§ **Work instruction**: All of the data that follows is to be printed exactly, without pictures.

§ **Source material**:
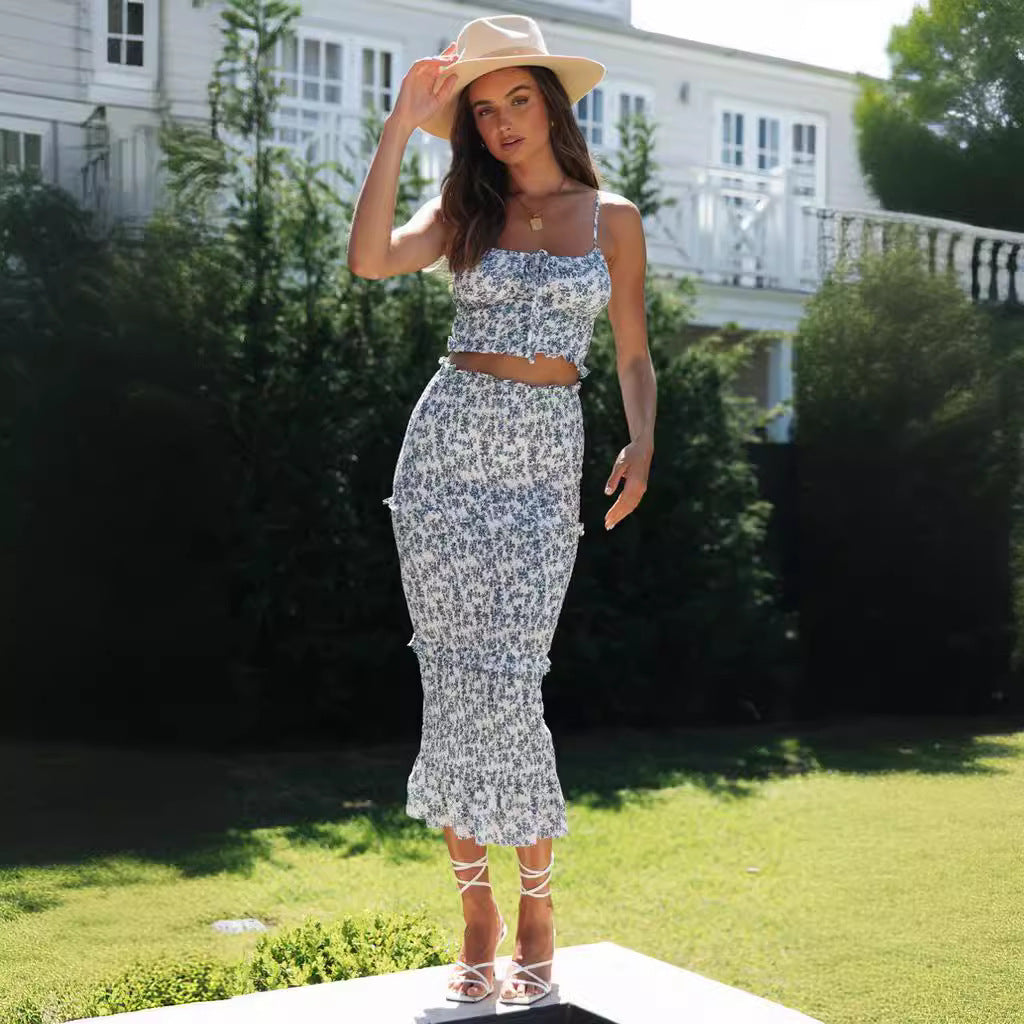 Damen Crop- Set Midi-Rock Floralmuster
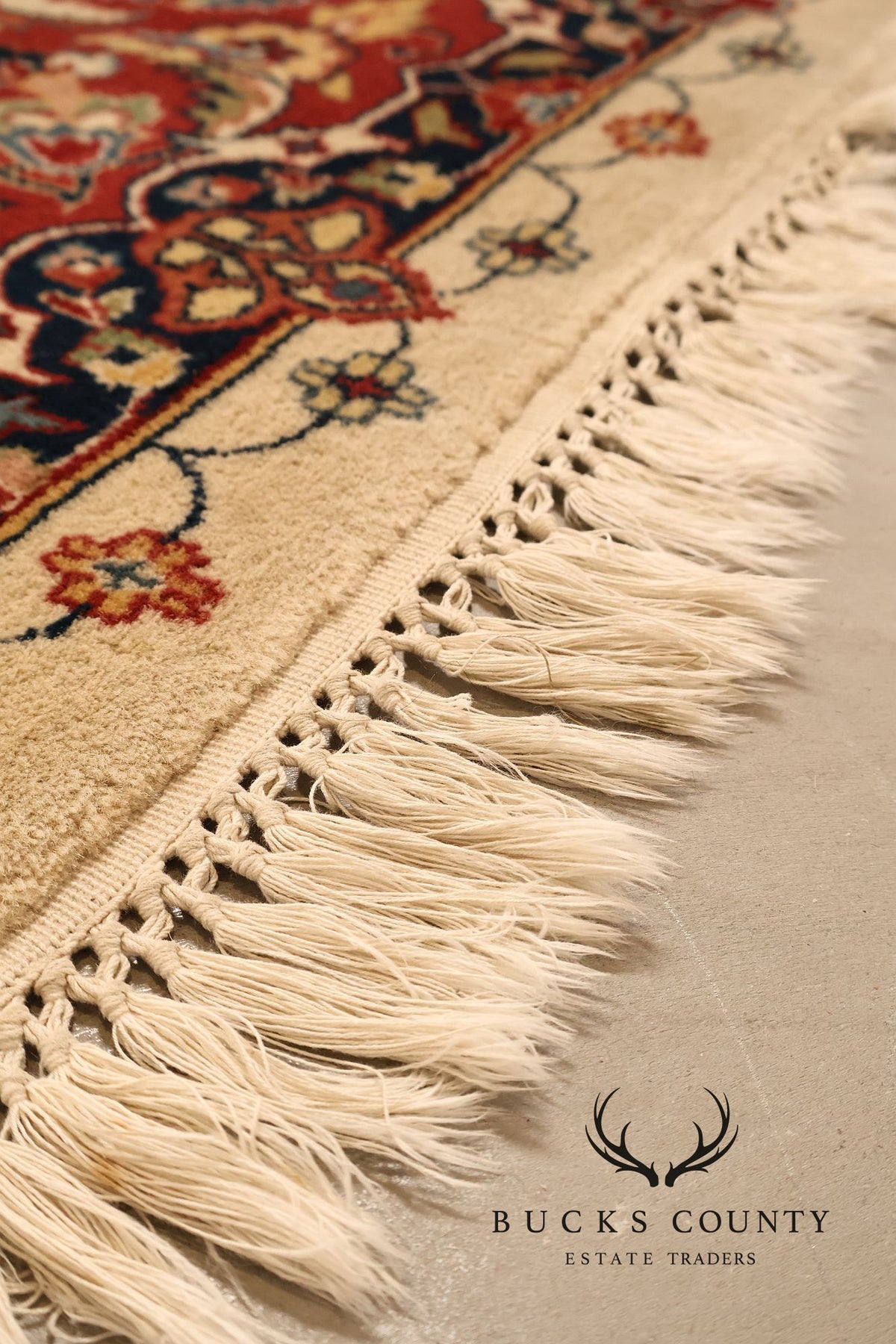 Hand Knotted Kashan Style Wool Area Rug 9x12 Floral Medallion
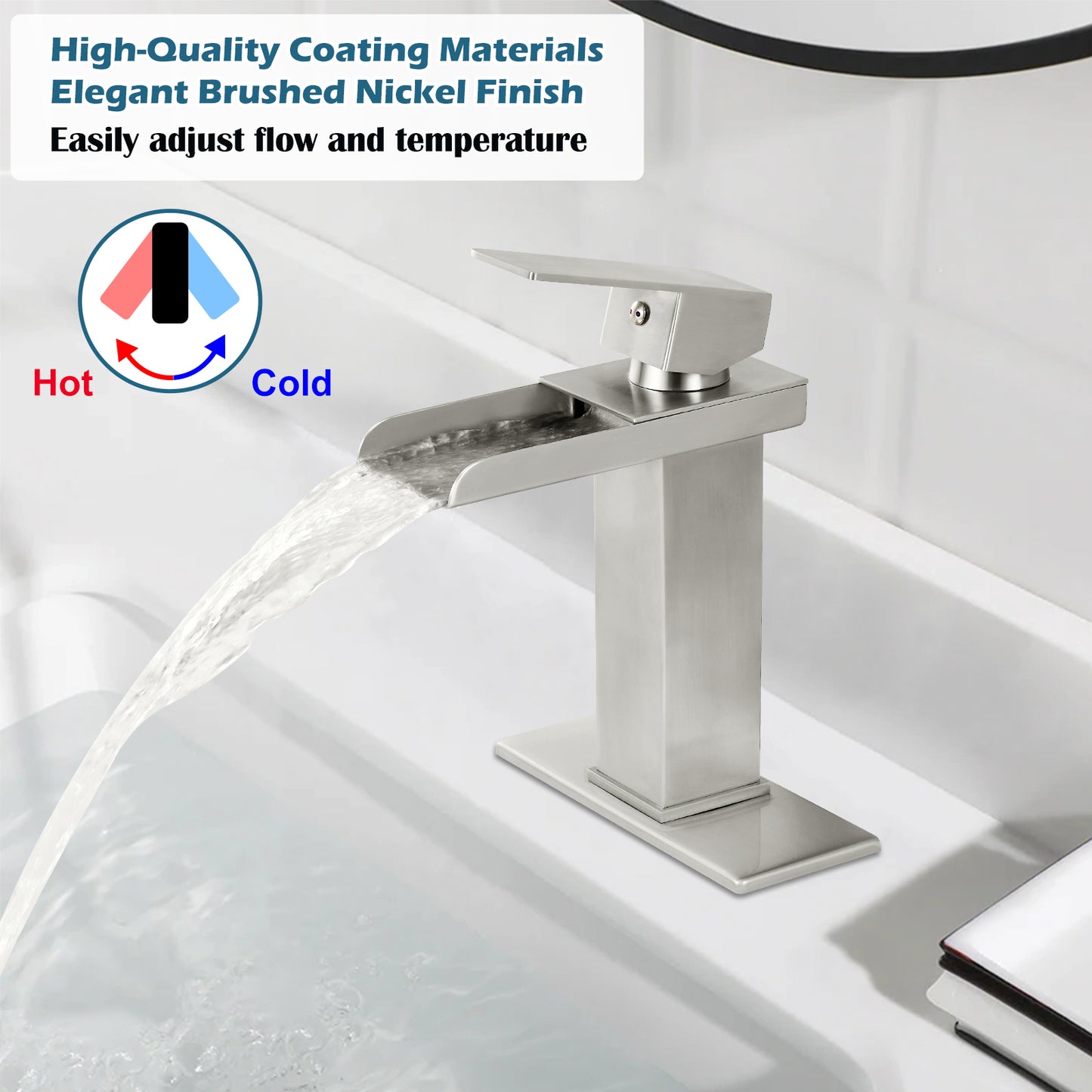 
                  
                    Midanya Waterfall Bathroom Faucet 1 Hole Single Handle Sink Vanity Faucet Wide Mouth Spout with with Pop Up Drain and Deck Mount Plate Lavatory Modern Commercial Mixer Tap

§ **Response area**:
 Damen Crop- Set Midi-Rock Floralmuster
 Hand Knotted Kashan Style Wool Area Rug 9x12 Floral Medallion
                  
                    Midanya Waterfall Bathroom Faucet 1 Hole Single Handle Sink Vanity Faucet Wide Mouth Spout with with Pop Up Drain and Deck Mount Plate Lavatory Modern Commercial Mixer Tap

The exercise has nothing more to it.